Before the projection, the
images are modified in terms of saturation, hue, color inversion and other
color contrast models in relation to the people interaction. The perceptive
results depends on the composition of the projected image, and the reflection
on the physical matter of the real painting. In this way, the painting seems to
change dynamically in color and shape.
In front of the painting the
visitors can interact on a interaction device composed by a table with a sensitive
surface. The surface has a woman body shape. The sensitive surface
represents a sort of nervous system of the painting ranging from the
eros to the thanatos zones mapped in the surface. The visitor can interact moving their hands on the surface. When
the hand of the visitor pass close a nerve of the painting, it reacts
modifying the perceptive variables. Following the different trajectories on the
surface, the visitor explores he whole aesthetic content of the painting. He
can modify the color saturation (related to the eros zone), rotate the colors
preserving the original relations, navigate in the painting history.
In the thanatos zone, the
visitor push the painting to destroy the colors towards the gray. This
effect is obtained combining the original color of the painting with the
complementary color projected by the computer. Still in the thanatos zone, the
visitor causes a de-structuration or decomposition of the painting in several
shape fragments that begin to move autonomously around the painting. In the
eros zone, the visitor push the painting towards the recombination of the
fragments to recompose the original shape.
The nervous system of the painting is
attached to a music generator.

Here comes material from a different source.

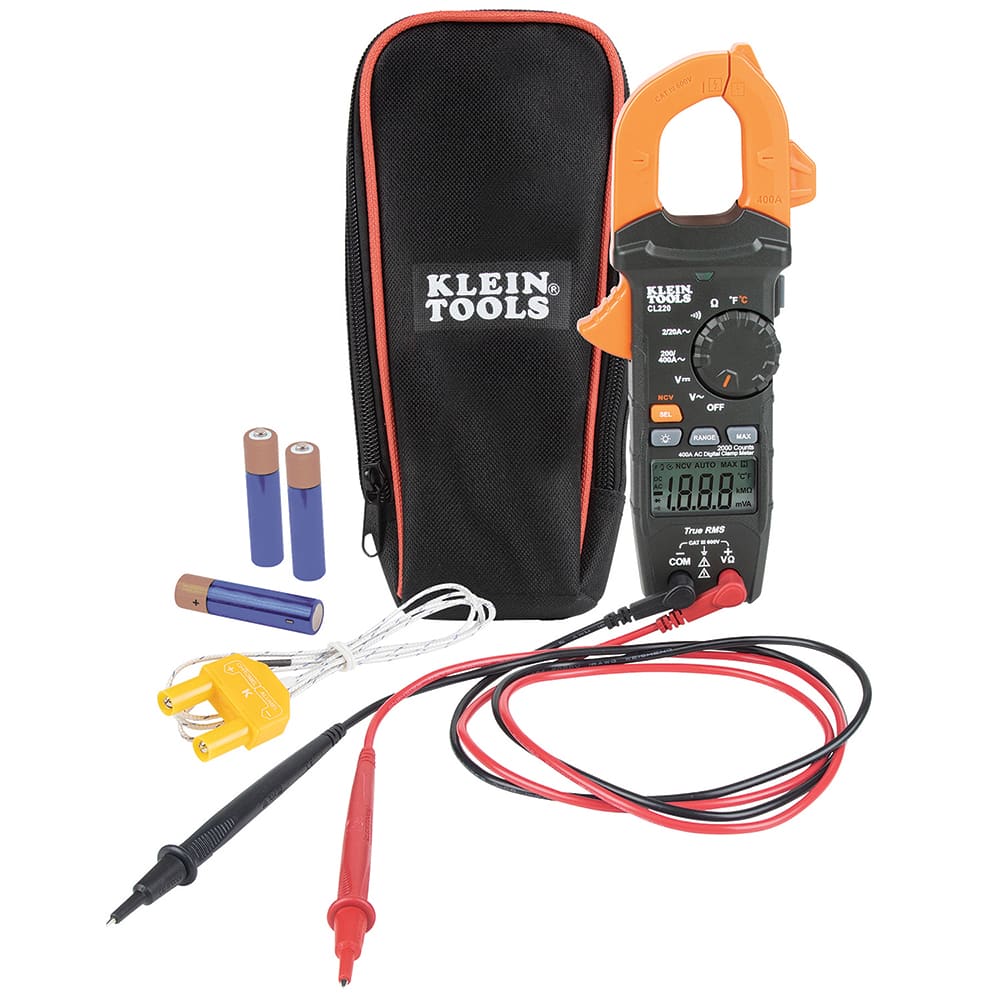 Auto Ranging Clamp Meter: CAT III & CAT IV, 1.61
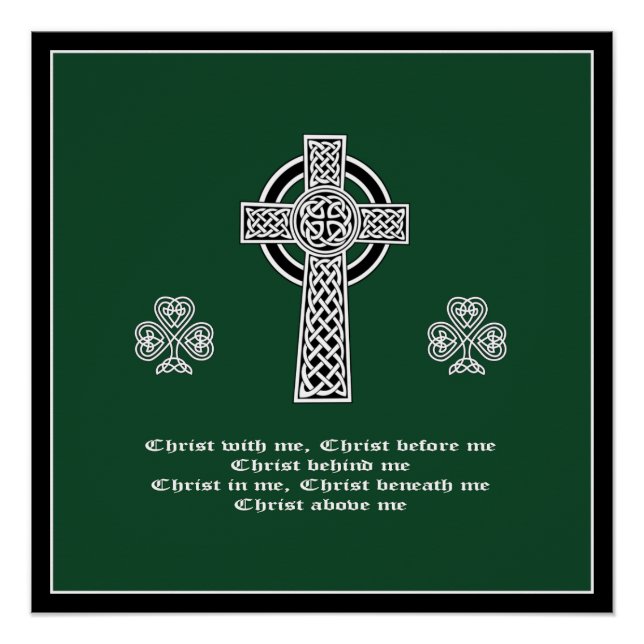 Poster La Lorica de la prière Saint Patrick (courte) (Devant)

The music flow trough the attractor of chaotic
functions. The perceptive variables of the music generation are still connected
to the sensitive surface. Depending by the position of the visitor hands and
movements, the music seems more passional (eros zone) or more surreal (thanatos
zone) or more melodic in the
intermediate zone between eros and thanatos. In this zone the eros and
thanatos forces are combined producing a sort of dynamic harmony and
equilibrium.
The main theme
of the installation is perception seen as an active principle and a dynamic
process, causing a change in reality based on observer’s attitude, culture,
action. The perception changes continuously the subject and the subject changes
continuously his perception. This sort of continuous self-reflexive cycling of
the output in the input is one of the most significant mechanism at the base of
the aesthetics and learning process. In this metaphor the painting, animated by
its own nature, reacts to the observers, causing a continuous change in
perceptive flux, dynamically underlining its aesthetic potential. The meeting
between observer and the “sensitive painting” portrays the fusion between the
artist’s and observer’s creative flux. The process of the artwork realization,
embodied in the projected images is unceasingly elaborated by the observer’s
interactions, altering the receptive structures of the painting with their
movements.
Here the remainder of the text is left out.